Air freight is typically more expensive than ocean shipping. But with supply chain disruptions hindering the maritime cargo industry’s delivery schedule — a consequence of the COVID-19 pandemic — the demand for air freight has risen, Boeing spokeswoman Jessica Kowal said.

Boeing logged a record number of freighter orders in 2o21, Kowal said.

As part of Monday’s agreement, Qatar Airways will convert 20 of 60 orders for 777X passenger planes to the 777-8 Freighter. Qatar Airways is also ordering two current-generation 777 freighters.

Boeing and Qatar Airways also signed a memorandum of understanding for a firm order of 25 737-10 aircraft, the largest of the Max passenger jets, as well as purchase rights for 25 more airplanes. The total value of the 737-10 commitment is nearly $7 billion.

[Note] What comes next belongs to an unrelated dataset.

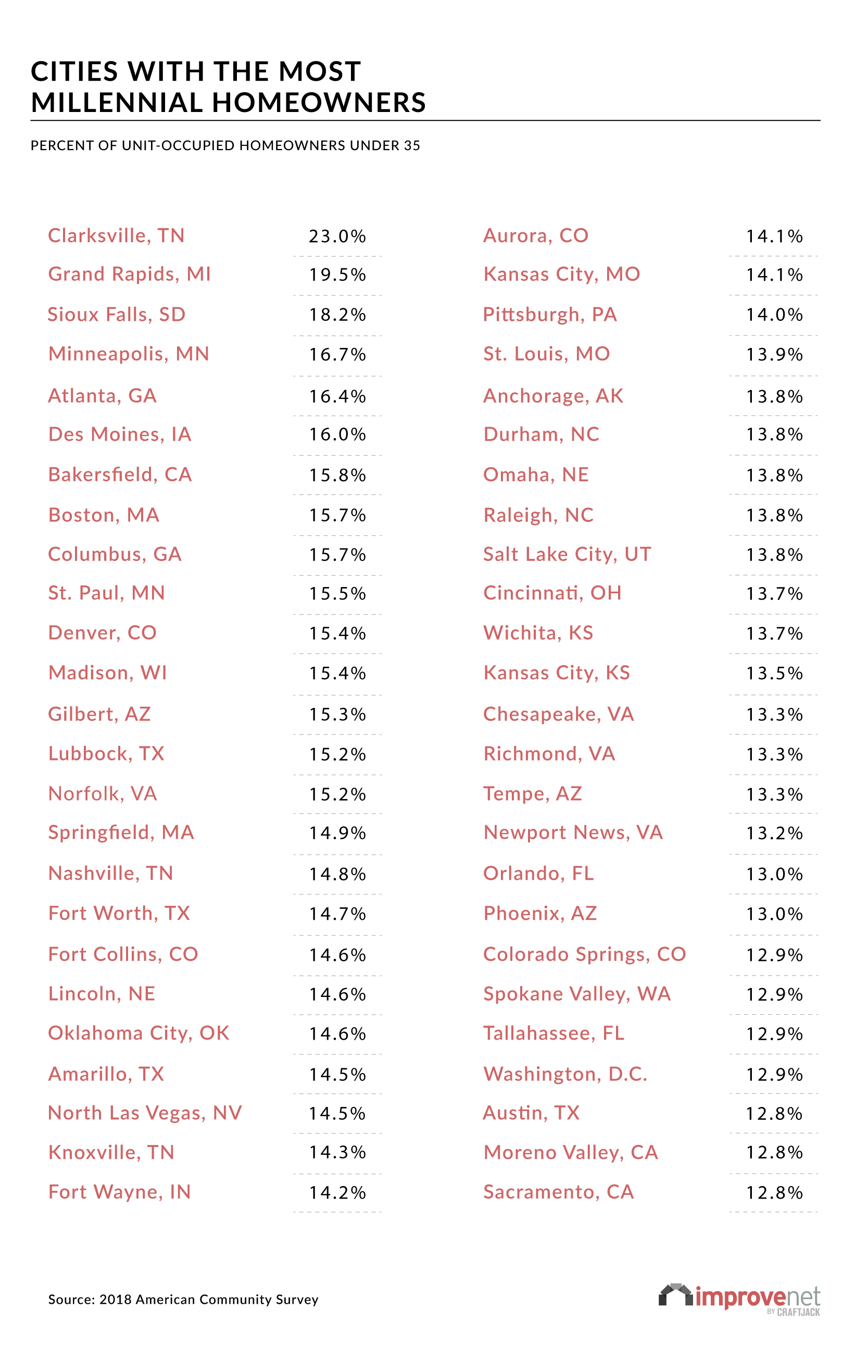 New Study Reveals Cities With The Most Millennial Homeowners Improvenet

The 777-8 freighter will be the world’s largest twin-engine cargo jet with a range of 4,410 nautical miles. It is expected to offer a 25% improvement in fuel efficiency over the 747-400 freighter, produce less emission per ton and cost less to operate, spokeswoman Kowal said.

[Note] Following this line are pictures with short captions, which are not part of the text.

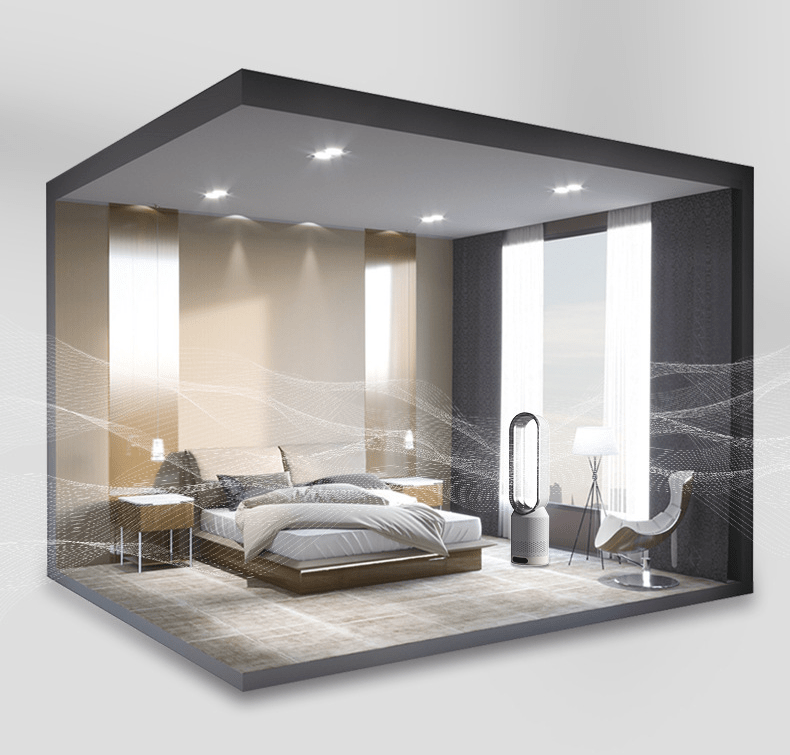 Ewerydays | Tragbarer Luftkühler – Premium Ventilator mit Kühlfunktion & LED-Beleuchtung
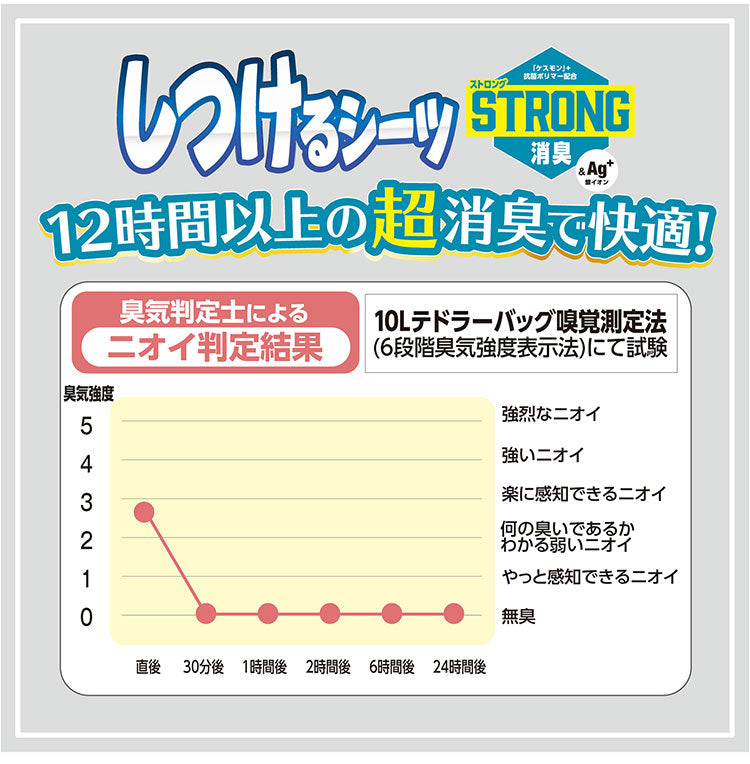 【4個セット】 ボンビアルコン しつけるシーツ 超吸収 消臭 30枚入 ペットシーツ 逆戻りしない 速攻吸収 超消臭 炭 W消臭neo ストロング消臭 しつけ 犬用 犬 成犬 幼犬 仔犬 老犬 介護 ペット用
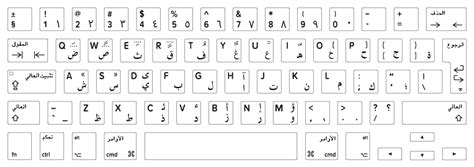 Macbook Keyboard Layout Identification Guide Keyshorts Blog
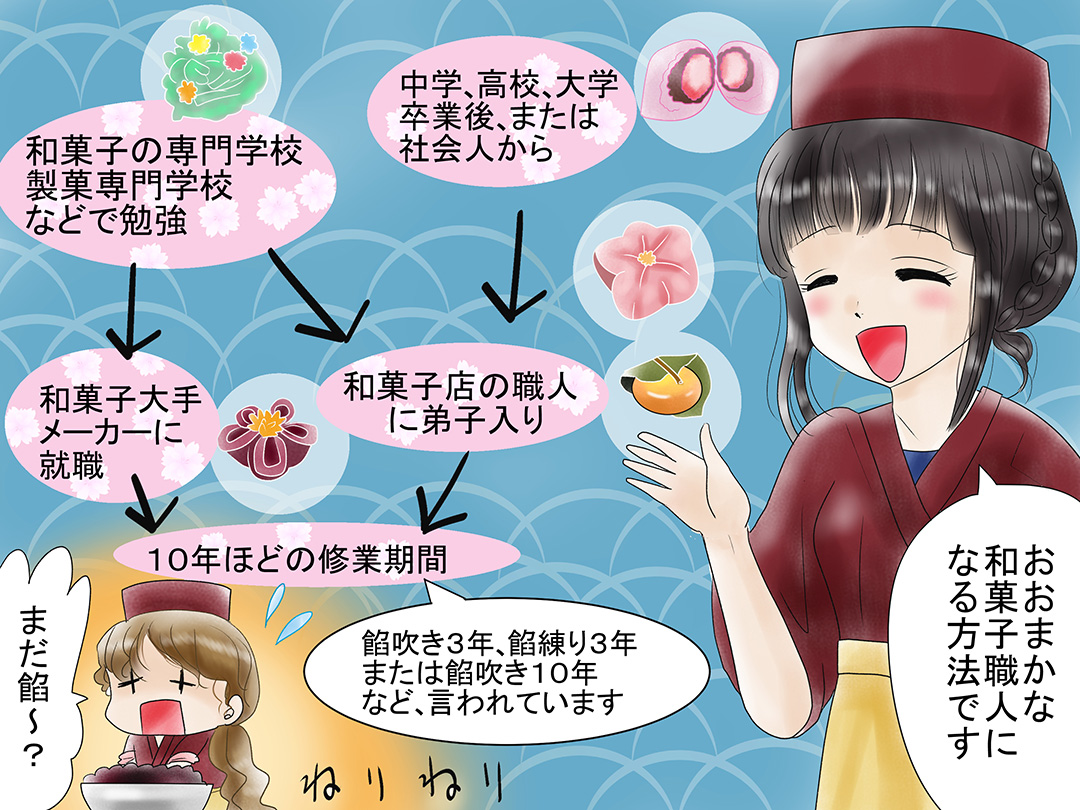 aَqEl(Japanese sweets craftsman)d}K@uaَqElւ̓v2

The 777 freighter is intended to replace the 747-400 freighter. The final 747 is expected to be delivered in October to Atlas Air, ending production of the 747 series.

Over time, the new 777-8F would replace the current 777 freighter, Kowal said.

At the White House, Deal was joined by Commerce Secretary Gina Raimondo, Qatar Ambassador Sheikh Mishaal bin Hamad Al Thani, White House National Economic Council director Brian Deese and Boeing President and CEO Dave Calhoun. The group witnessed the formal signing by Deal and Qatar Airways Group’s chief executive, Akbar Al Baker.

“Boeing has a long history of building market-leading freighter aircraft,” said Al Baker, “and Qatar Airways is honored to have the opportunity to be the launch customer for the 777-8 Freighter, an aircraft which will not only allow us to further enhance our product offering for our customers, but also help us meet our objectives to deliver a sustainable future for our business.”

“Today marks a great day in the ever-building and strong relationship between Qatar Airways and Boeing,” Al Baker added. “We certainly push Boeing hard to deliver upon our expectations, and the team at Boeing consistently strives to meet and exceed our expectations.”

Qatar Airways’ current cargo division consists of an all-Boeing fleet of 747 and current-generation 777 freighters.

“We are proud that Boeing provides over 90% of the world’s dedicated freighter capacity,” Deal said.

Boeing’s wide-body family features engineering design improvements and innovative technologies, including a new carbon-fiber composite wing and new fuel-efficient engines.

At the Everett plant, Boeing currently produces the 767 and a military version of the 767, the KC-46 tanker, along with the 747 and 777 models.

Boeing lists 253 firm orders for the 777X passenger version, which can carry more 400 people. But with international flights and business travel depressed due to the COVID-19 pandemic, production of the passenger version has been slowed.

The 777X passenger plane’s debut has been delayed by three years due to federal regulators’ concerns. The airplane is expected to be delivered to the company’s airline customers in late 2023.